One way is to increase the percentage of Rwandan coffee sold as high-quality specialty coffee. This is because niche coffee is bought by higher-income consumers who are less responsive to changes in prices. By contrast, low-value coffee is often sold in commodity futures markets with high price variability.
Rwanda is fortunate to produce some of the best coffee in the world, so upgrading quality has an enormous payback that can better weather demand shocks. Moreover, Rwanda might consider encouraging the expansion of the East African Commodity Exchange to include coffee. That can help to mitigate the risk of compressed sales prices by attracting a more diverse market.

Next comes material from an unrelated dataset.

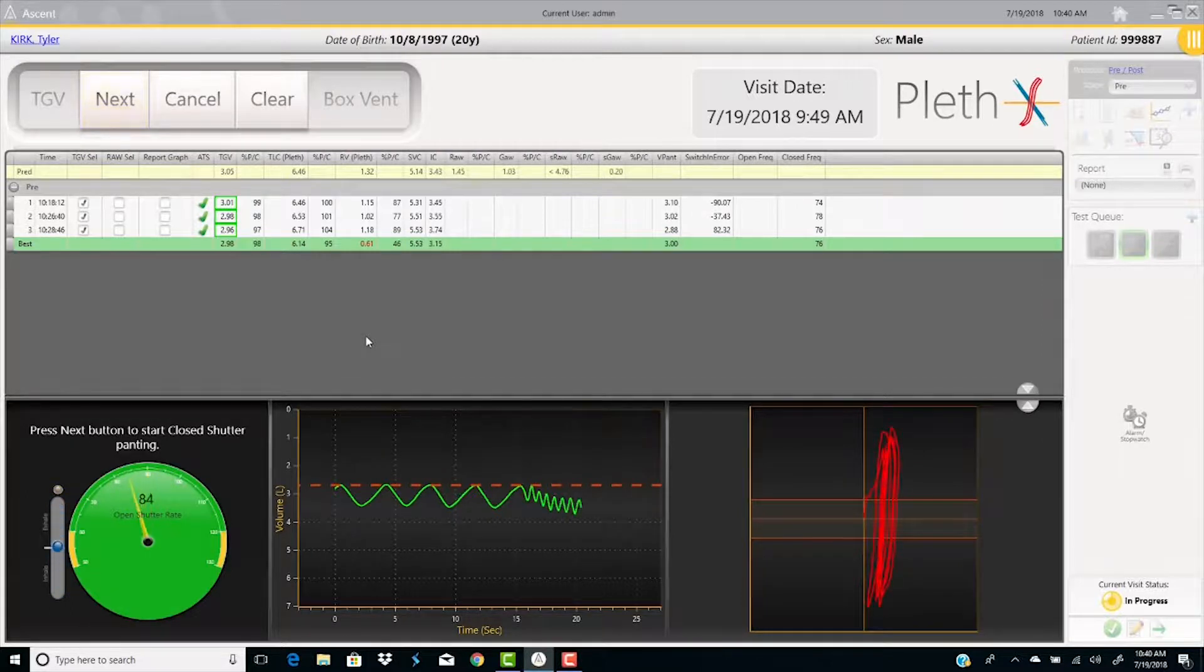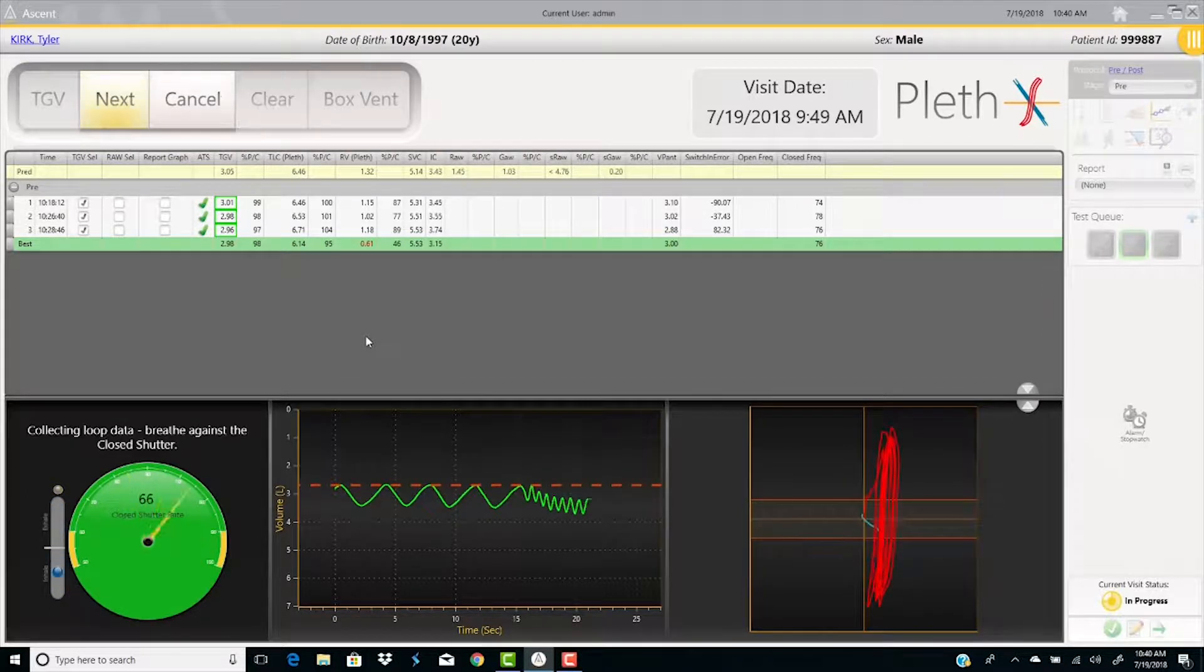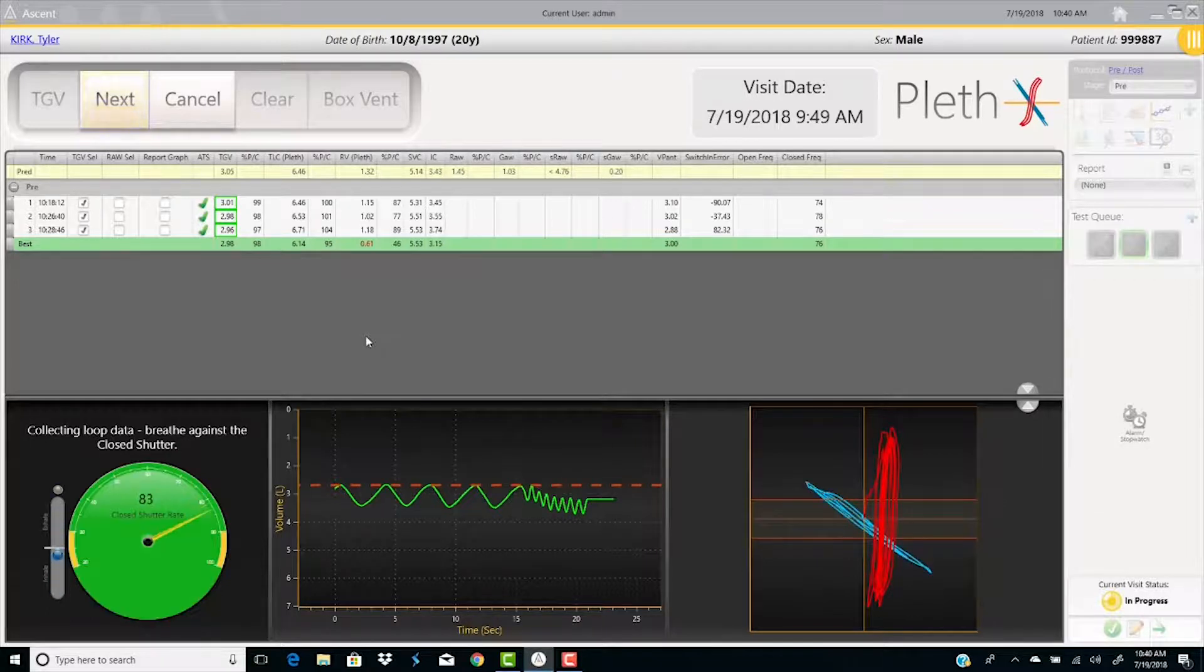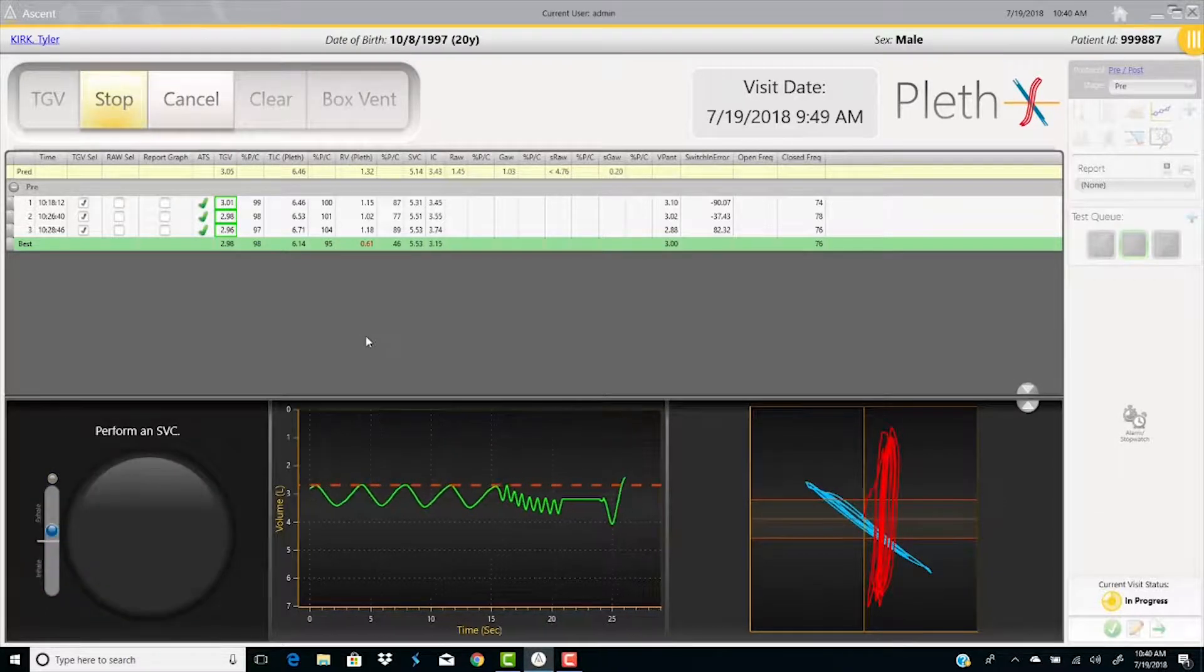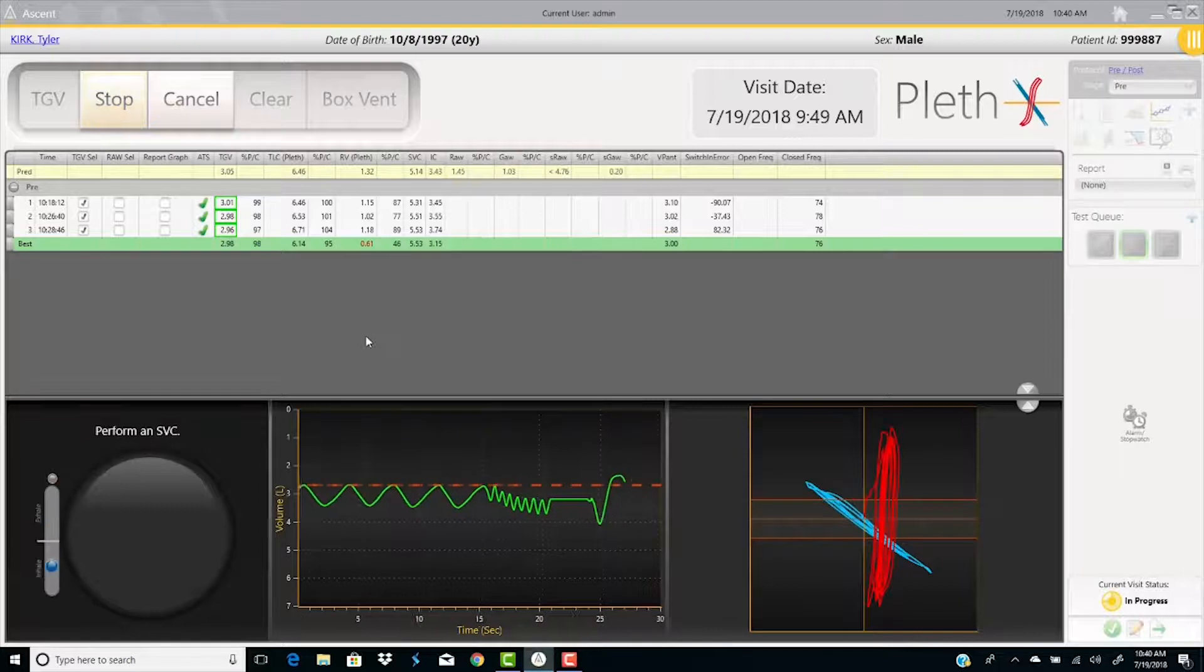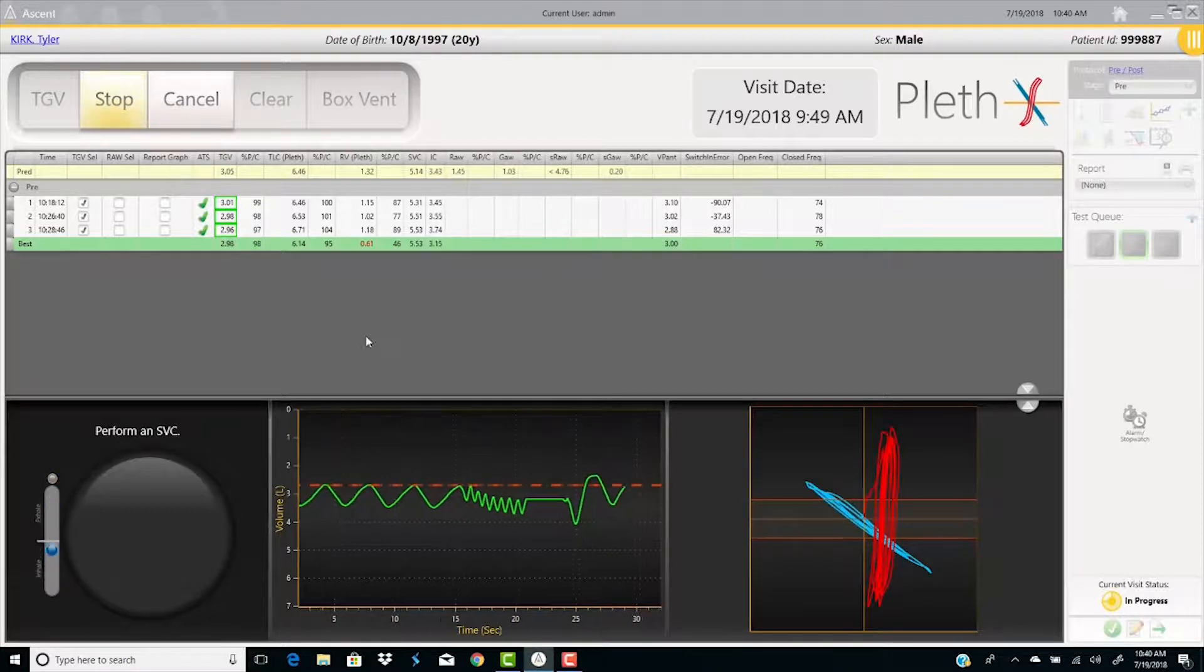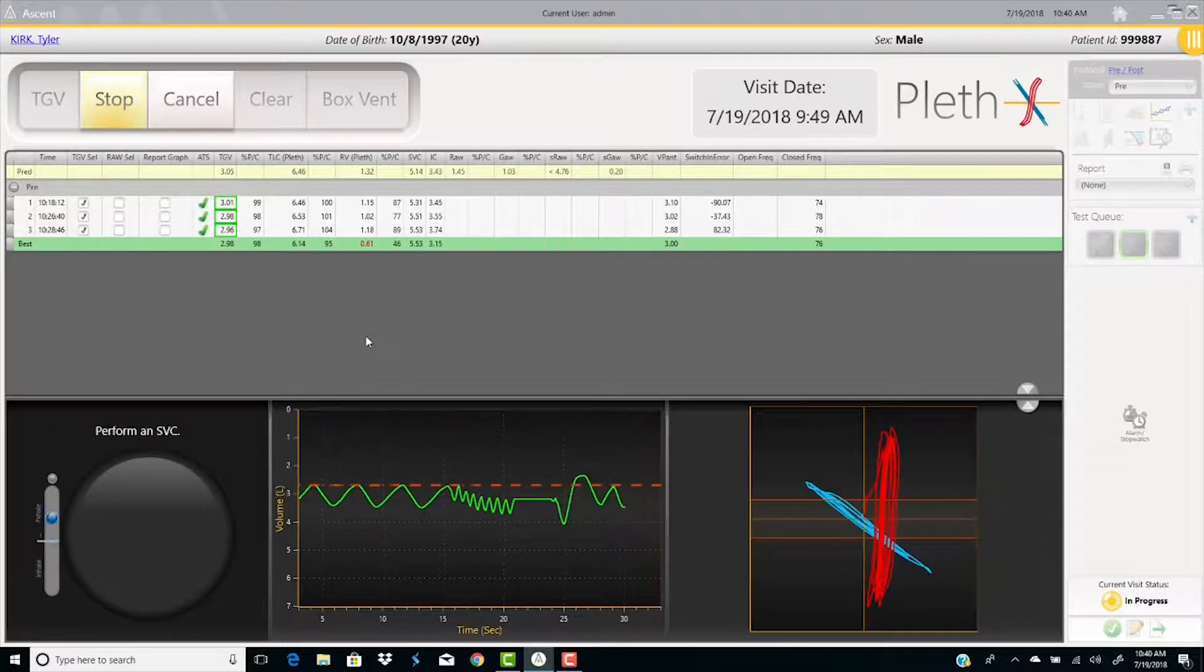After the open shutter pans are collected, press the space bar and collect four closed shutter pans. The panting rate, again, is guided by the metronome on the side of the quality graph.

What measures are needed to increase value addition in the sector?
First, lack of contract enforcement has meant that, despite the potential for higher prices from fully washed coffee, farmers continue to process coffee at home. Our researchers are diagnosing a market failure whereby price signals are not transferred to the farmer because of a lack of trust between farmers and coffee washing stations.
Second, access to working capital for coffee washing stations remains a constraint to growth. The study proposes establishing a system of value chain finance.
Third, poor managerial practices in some coffee washing stations has led to underutilisation. The study proposes new ways to raise their productivity, including encouraging private management firms to run stations and training managers.